The Soviet Union was accused of trying to cover up the extent of the disaster and little is still known about the full impact of the radioactive fallout on Europe. However, Magdalena Ines Kmiecik from Poland is sure her cancer, as well as her mother and brother’s must be related to the nuclear accident. Ms Kmiecik was born in Chelm, a small city in eastern Poland, and was around five years old when the Chernobyl disaster happened.
When she was 17 her mother suffered from a cancer that meant her uterus had to be removed.
Ms Kmiecik told Express.co.uk: “It was a very serious operation, with a small chance that my mum would survive it.
“I remember sitting with her every day, every night, begging doctors to let me stay with her in her room.”
Fortunately, her mother survived her ordeal, but just a few years later Ms Kmiecik was herself diagnosed with last-stage pre-invasive cervical cancer, and had to have part of her cervix removed.
READ MORE: Chernobyl explained: How many people died in Chernobyl?

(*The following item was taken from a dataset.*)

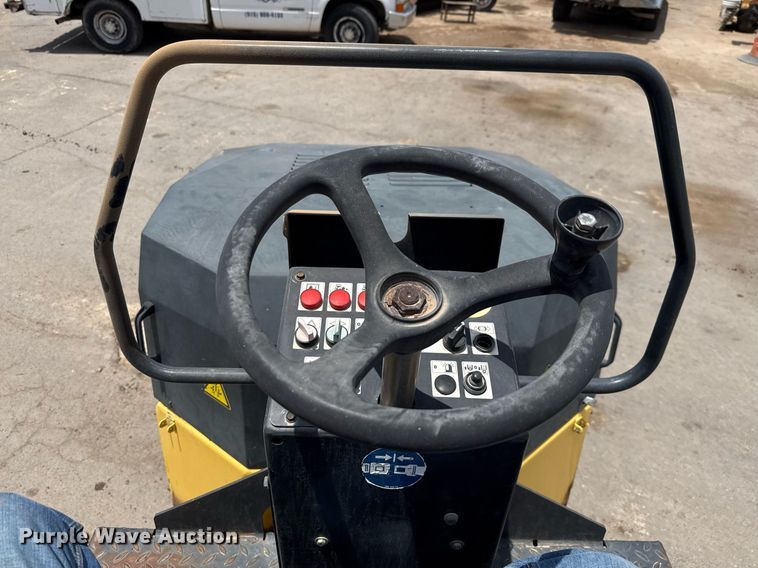 image for item ED5786 2007 Bomag BW 138 AC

Magdalena Ines Kmiecik (right) with her mother and brother
Then, three years ago, she was told her brother had a brain tumour “as big as an orange”.
She told Express.co.uk: “The tumour ate its way through his nose, cheek bone, pushed his brain to the back of his head.
“The worst part was they couldn’t find a neurosurgeon who would agree to even do the surgery, because the tumour was so big and the odds so small.
“Thankfully, my mama had a lot of connections within the health system in Poland.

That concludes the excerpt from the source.